Stephen shrugged. “What they do to all the Jews,” and made a choking gesture.

Michael quickly snuck into Father Gedovsky’s office and told him about Stephen’s suspicions.

“Thank you for telling me,” said the priest.

“I didn’t know there were other Jewish children here,” said the boy.

“There are no Jewish children here.” The priest smiled mysteriously at him.

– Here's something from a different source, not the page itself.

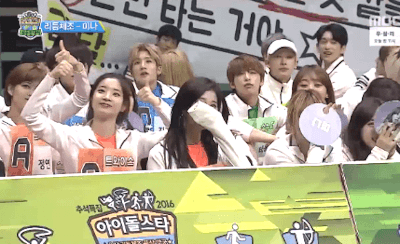 미나와 같이 우는 트와이스 멤버들.gif | 인스티즈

That same day, the classroom door opened in the middle of the lesson and Father Gedovsky stood in the door with a woman dressed simply. A big cross hung around her neck. “Marina’s mother wants to talk with her for a few minutes,” he said to the nun who was conducting the class. The little girl stood up in amazement. She had never seen that woman in her life, but she responded to the priest’s request to leave the class. “I know this isn’t your mother,” he told her. “But we have to do it. Somebody might suspect you’re a Jew and then you couldn’t go on hiding here. From now on, tell everyone who asks you that your mother’s name is Joanna, your father is dead, and you were born a Catholic. Clear?”

“Yes,” replied the girl with a grateful look.

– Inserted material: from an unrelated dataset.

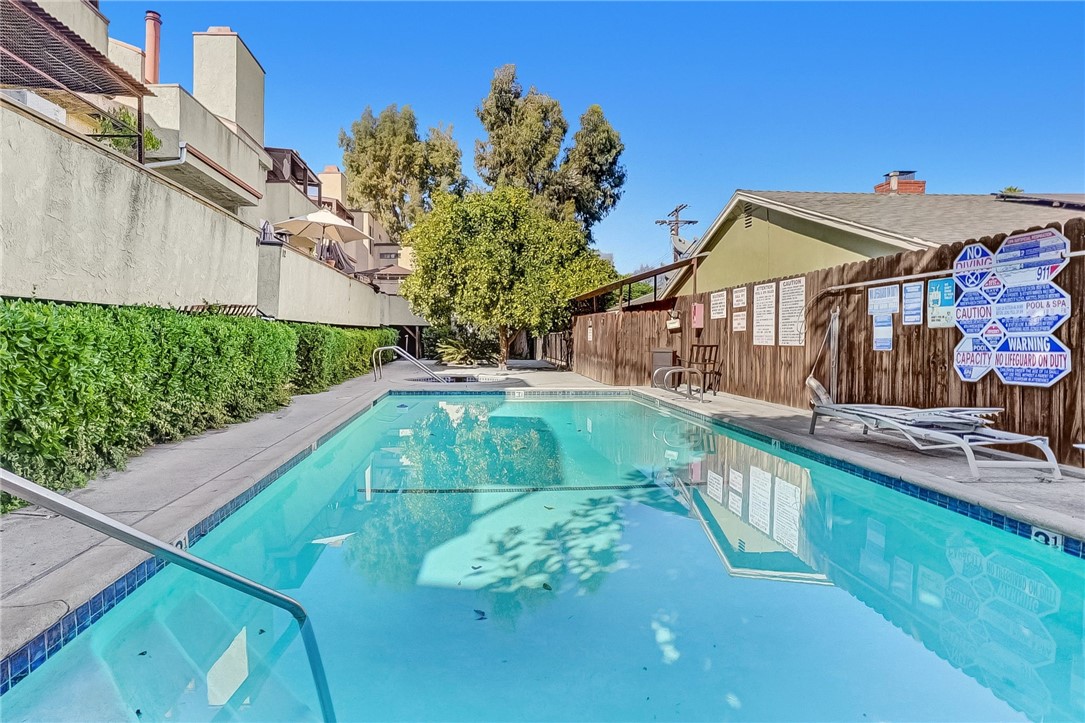 Detail Gallery Image 36 of 40 For 14435 Valerio St #10,  Van Nuys,  CA 91405 - 3 Beds | 2/1 Baths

From then on, Stephen didn’t talk about the girl’s Jewish origin anymore, and Michael refrained from asking the priest who the woman was who had pretended to be her mother.

Not until after the war did Gertruda reveal the secret: the woman was Father Gedovsky’s sister.

12.
 

In the summer of 1942, when the pears ripened in the orchards of Kibbutz Kfar Giladi, only a few people believed that the members of the kibbutz would complete the harvest. Like everywhere else in Palestine, a profound fear of an impending disaster prevailed there, too. Information from the war front said that the German army was quickly advancing to the Land of Israel. Rommel, the legendary
general, burst eastward from Libya and was at the entrance to Alexandria.

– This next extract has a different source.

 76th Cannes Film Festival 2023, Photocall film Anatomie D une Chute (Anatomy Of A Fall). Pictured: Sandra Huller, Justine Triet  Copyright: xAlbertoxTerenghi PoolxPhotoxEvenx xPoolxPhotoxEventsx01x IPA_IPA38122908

The situation in the Land of Israel was terrifying. There was nowhere to run or hide, no safe refuge from the Germans. Members of the British government sent their families to Iraq and packed their bags, waiting for the order to withdraw. They feared it wouldn’t be possible to withstand the German army closing in on the country.

An emergency meeting of the members was called in Kfar Giladi. Seventeen-year-old Elisheva Rink also attended. Dozens of members of the kibbutz gathered in the dining hall to hear the grim prognosis of the Haganah members. The Land of Israel, they said, might soon be under German occupation.

One of the participants suggested setting up posts at the side of the main highways and greeting the Germans with gunfire, but no one took that suggestion seriously. In the weapons caches of Kfar Giladi, as in other hiding places in Palestine, there were very few weapons hidden from the British, and the few that did exist wouldn’t serve as any defense against a German army invasion. The great fear in the Land of Israel was, as in other countries the Germans occupied, that many settlements would be destroyed and burned down and thousands of people would be killed or sent to concentration camps. One of the Haganah members told about a plan called “Masada on the Carmel,” where they would concentrate all the Jews in the area of the Carmel, between Athlit and Beit Oren, to set up fortresses in the foothills of the mountains and dig caves there that could hold tens of thousands of people.